We have another week or two of classes, talking around clean white conference tables with PPTs keeping us on track. Then this group of missionaries scatters again to the four corners of the globe. Most are 40-60 years old and have been on the field their entire adult lives. Many of them have become Marginal people, straddling several cultures without being completely American or foreign. Bilingualism and a call to missions are requirements for entry to the program.
There is some kind of orderliness among our interactions of stories, questions, and comments on life and textbooks. Everyone is respectful even when joking and poking fun. After two years of study together, we know Paul and John are the smart ones, Steve is the funniest and most relational, and Vance has the best missions background. He could stomp any of us to the ground in an academic free-for-all. A few of our initial group have dropped out or taken a pause in their studies. Because our cohort is small, they are greatly missed.

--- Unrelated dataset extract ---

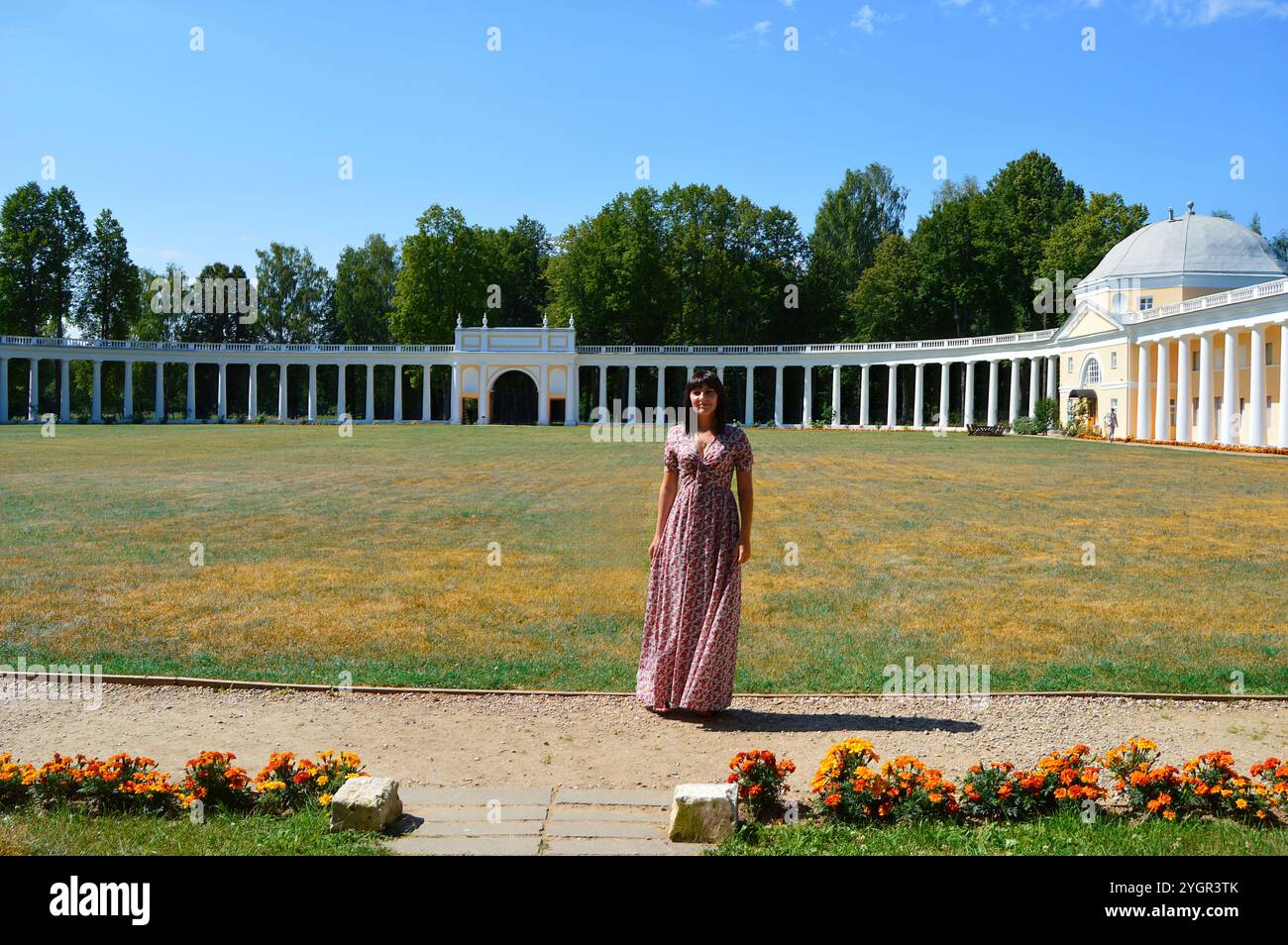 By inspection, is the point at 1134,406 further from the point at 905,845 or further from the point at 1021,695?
the point at 905,845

Today guest lecturer Alan reminded us that to Paul, being an apostle meant going where others had not gone. "Most missionaries today work among the churched, spend their time among those who have already heard, and support existing organizations. Who is going beyond the borders of the reached to tell the Story to those who have never heard?" Many of us work to prepare others who will go to unreached people groups in their countries and beyond.
As less long-termers sign up, a new strategy is being considered. Instead of asking anyone who would like to go into missions to volunteer for a short stay, perhaps it is time once again to ask who will commit their entire lives to missions. The recent trend of short-term groups has been hotly debated. Churches and individuals are putting most of their "missions" resources into quick group trips. Pastors define their churches as missional and think they have done their duty by taking a group somewhere to build a house or church, put on puppet shows and skits in a poor neighborhood, or sponsor a medical team for two or three weeks. Many such "missions" efforts leave no lasting impression on those they go to serve. But skimming the surface of a culture's needs by doing a project may cost 10 participants $20-40,000... or much more.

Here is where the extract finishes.